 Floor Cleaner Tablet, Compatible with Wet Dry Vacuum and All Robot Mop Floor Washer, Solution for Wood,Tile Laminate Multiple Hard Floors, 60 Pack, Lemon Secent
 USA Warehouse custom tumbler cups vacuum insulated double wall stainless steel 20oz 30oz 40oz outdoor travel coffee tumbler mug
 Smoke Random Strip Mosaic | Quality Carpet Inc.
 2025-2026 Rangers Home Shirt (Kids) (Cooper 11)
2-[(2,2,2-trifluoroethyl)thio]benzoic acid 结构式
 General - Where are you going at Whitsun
☆ ☆ ☆ ☆ ☆ ☆ ☆
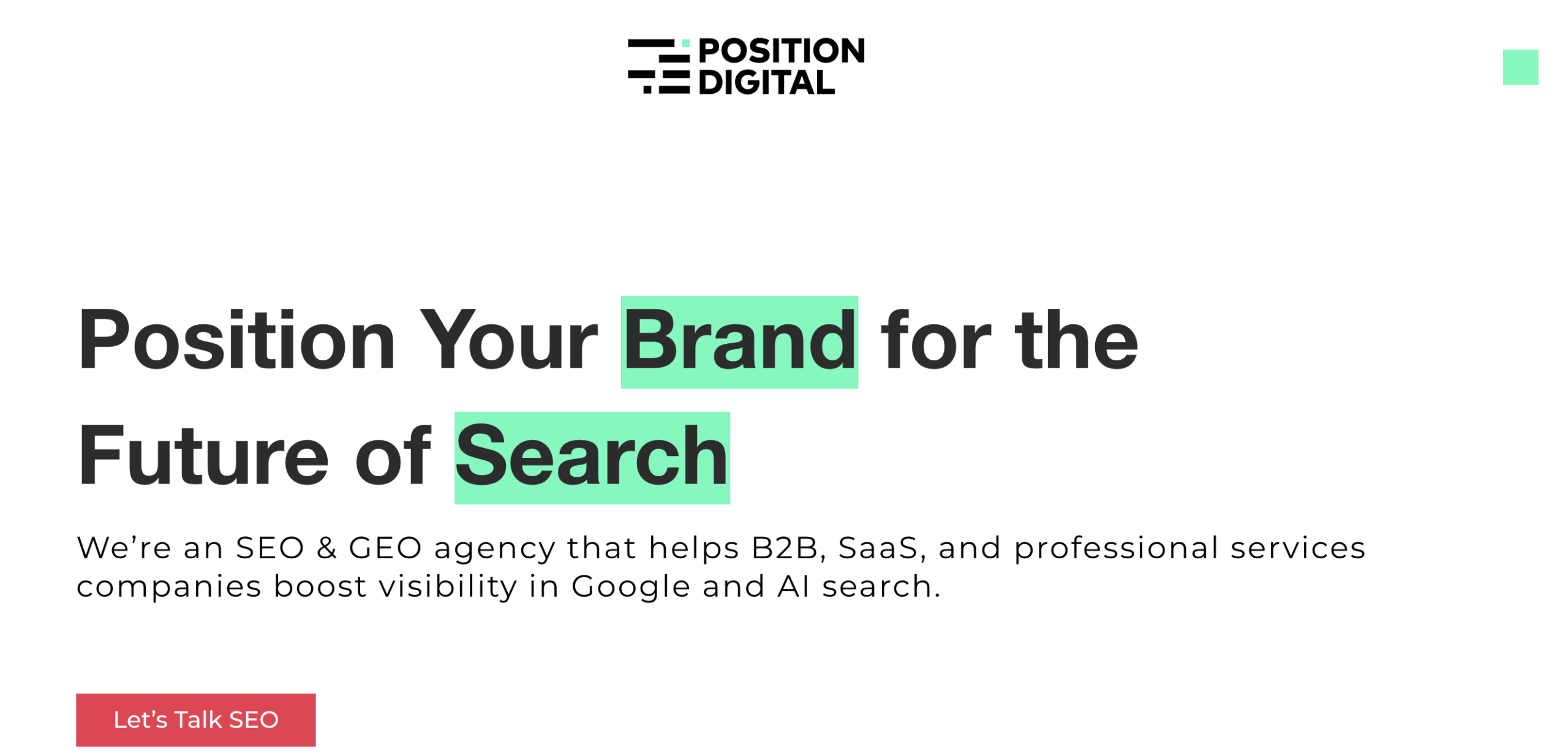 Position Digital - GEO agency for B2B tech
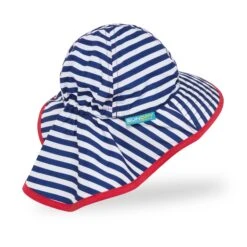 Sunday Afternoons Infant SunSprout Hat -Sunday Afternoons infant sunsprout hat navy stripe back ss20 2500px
☆ ☆ ☆ ☆ ☆ ☆ ☆
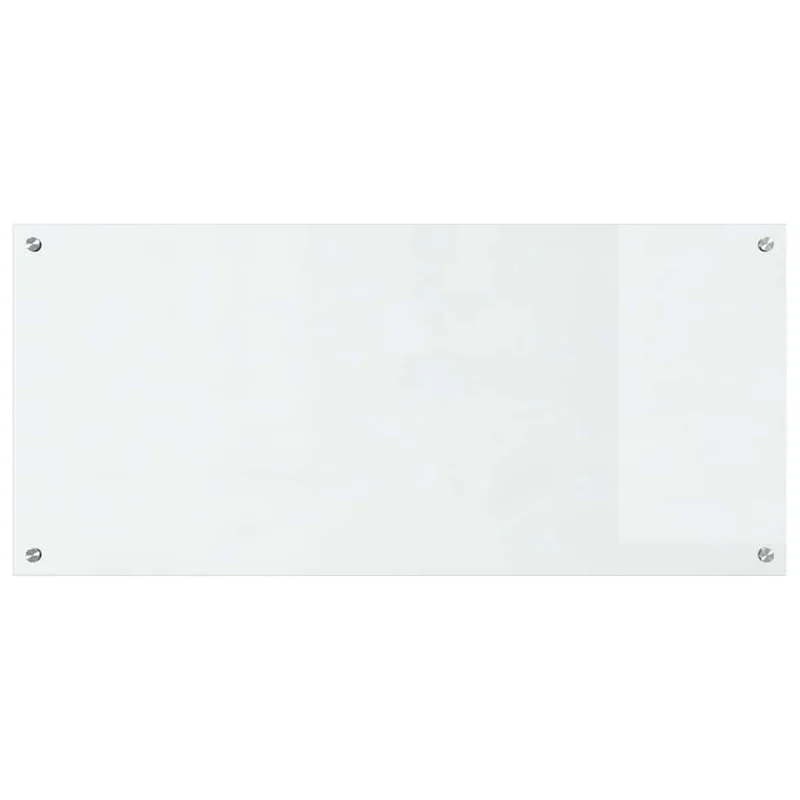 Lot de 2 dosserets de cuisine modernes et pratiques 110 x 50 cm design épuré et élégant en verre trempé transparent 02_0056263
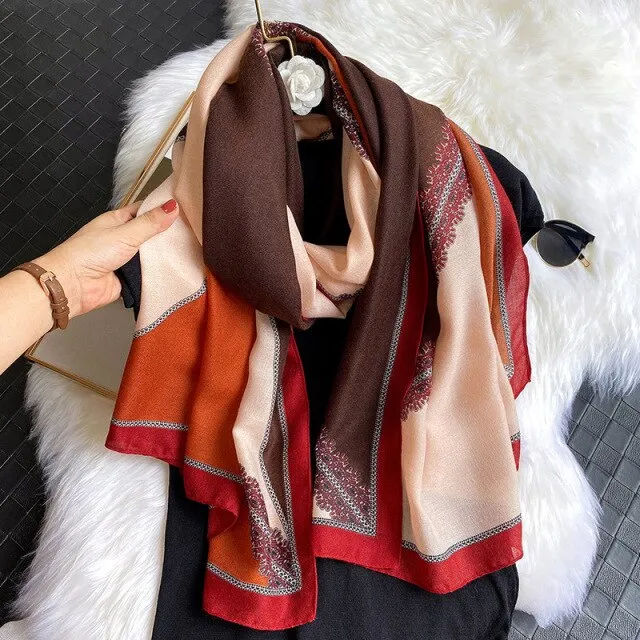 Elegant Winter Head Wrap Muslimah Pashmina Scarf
☆ ☆ ☆ ☆ ☆ ☆ ☆
In the entries above, find the line with "Floor Cleaner Tablet, Compatible" and the line with "General - Where are you going at Whitsun", then restate word for word both of them and every line between, with nothing more.

Exercise solution:
 Floor Cleaner Tablet, Compatible with Wet Dry Vacuum and All Robot Mop Floor Washer, Solution for Wood,Tile Laminate Multiple Hard Floors, 60 Pack, Lemon Secent
 USA Warehouse custom tumbler cups vacuum insulated double wall stainless steel 20oz 30oz 40oz outdoor travel coffee tumbler mug
 Smoke Random Strip Mosaic | Quality Carpet Inc.
 2025-2026 Rangers Home Shirt (Kids) (Cooper 11)
2-[(2,2,2-trifluoroethyl)thio]benzoic acid 结构式
 General - Where are you going at Whitsun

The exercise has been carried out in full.